The Giants played awful, sloppy football against an inferior team. Dallas deserves some credit for overcoming a ton of hurdles, but the Giants served the W to them on a silver platter. The Giants should have won this game, and given their tough schedule coming up, I’m wondering how large this bad loss is going to loom.

The Jorge Posada Conundrum

If you didn’t already hear, Jorge Posada is supposed to have surgery to repair a torn meniscus in his left knee today. I don’t have any idea what that means or how serious, but it sounds like he’ll be ready for the start of Spring Training, but not matter how you look at this, it’s not great news.

As painful as it may be for Yankees fans (and surely to the player himself), Jorge Posada is near the end of his career, if 2011 isn’t his last season. In the 2010 season, Posada was able to make only 78 starts as the catcher and batted .248 with 18 homers. I think most folks would agree that at this point in his career, Posada’s value to the Yankees is with his bat, and as the catcher, he not only hinders the team defensively, but he’s wearing himself down and reducing his offensive production.

Given that the Yankees don’t have a regular DH next year, I think the most reasonable answer is for Posada to get the majority of the starts there while also sharing time at DH with Alex Rodriguez and some of the other older players on the team. This plan isn’t perfect: while the DH is a great spot to stash big bats like Posada and A-Rod, playing Posada at the DH position means the Yankees will need to carry three catchers.

Carrying three catchers isn’t the end of the world, but it’s not the most ideal use of a roster spot. What I am proposing gives occasional starts at catcher to Posada, leaves Francisco Cervelli as the backup catcher and brings Jesus Montero up to the big leagues to do the majority of the catching. There is plenty of risk here: Montero has little experience as a catcher and Cervelli was over exposed last season and at times didn’t perform well defensively, which is something that I think we all expect as a given from a backup catcher.

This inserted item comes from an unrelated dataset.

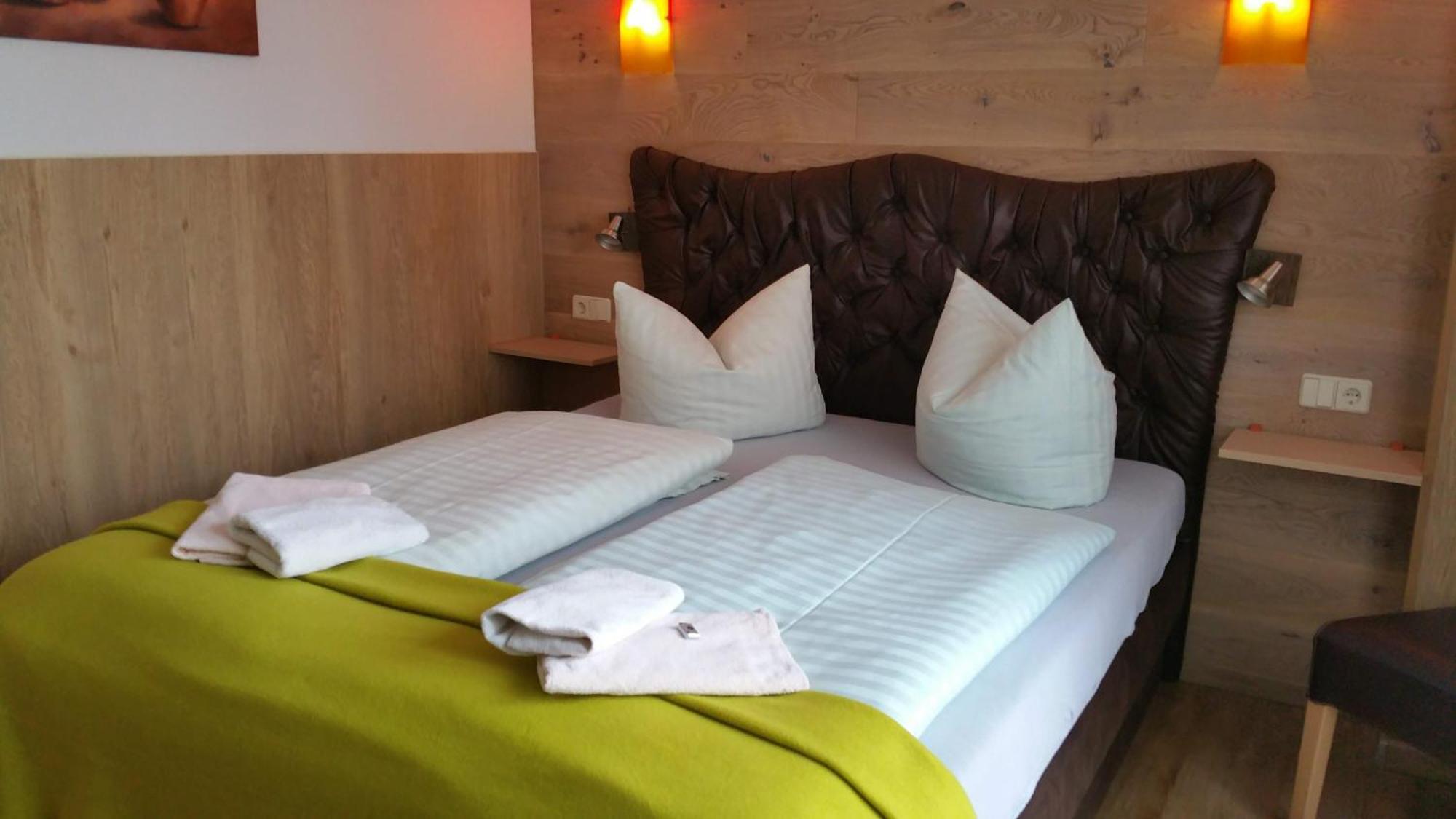 Landhotel Waldschloesschen Mit Gaststube Sohland an der Spree المظهر الخارجي الصورة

I think this is the best solution for 2011. Alternatively, the Yankees may end up running Posada out there until he breaks – and he will get injured at some point, even with regular rest. But I think the 2011 season is the end of Posada’s career, no matter where he plays.

NOTES ON DEREK JETER WINNING THE GOLD GLOVE
ESPN and everybody else on the planet is balking a bit at Derek Jeter’s 2010 Gold Glove.

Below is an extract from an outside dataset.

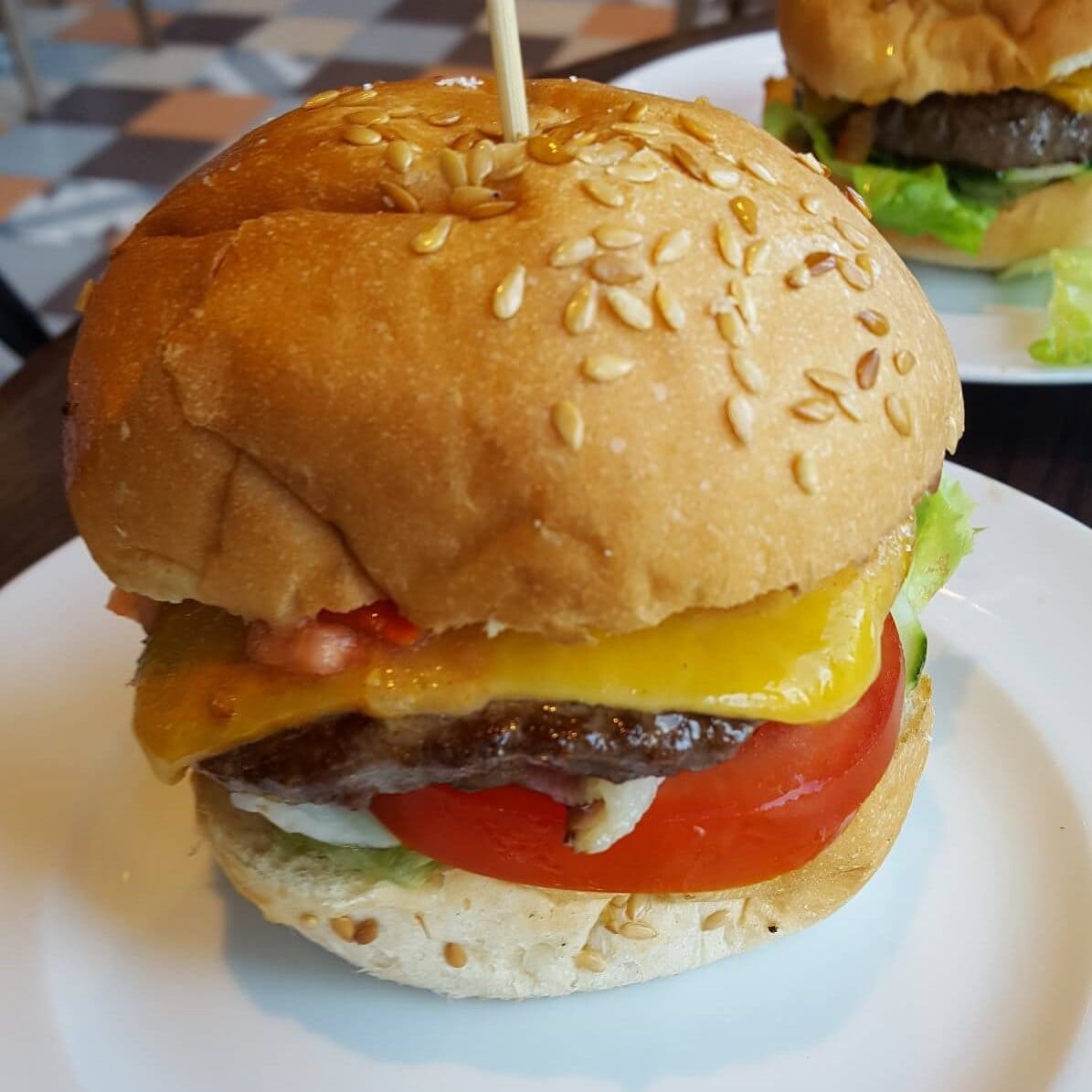 Burger im Tag & Nacht Bistro auf der Mein Schiff 4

But modern fielding charts and rankings consistently put Jeter in the bottom half of their ratings. Two websites that study glovework — Fangraphs.com with its Ultimate Zone Rating and Fieldingbible.com — listed Chicago’s Alexei Ramirez as the top-fielding AL shortstop with Jeter nowhere close to even middle-of-the-pack status.

As soon as you use UZR in your argument against Jeter’s fielding, you lose me. UZR doesn’t use adequate sample sizes and compares the player to the other players rather than comparing the player to his past performance, meaning projected UZRs are, in a word, garbage – case in point, Mark Teixeira had a negative UZR the last time I looked, and Teix is an amazing 1st baseman.. I seriously doubt Jeter is the best SS in the American League; I would say Jeter is on the plus side of average, but there are some plays he is capable of that most short stops are not capable of, particularly putting his back to home plate and running into the outfield to catch fly balls. Bottom line, I think gold gloves are won by reputation – I dont think anybody sits down and looks at film or stats before they vote.

Anyway, congrats to Jeter, Teixeira and Robbie Cano on winning winning their Gold Gloves!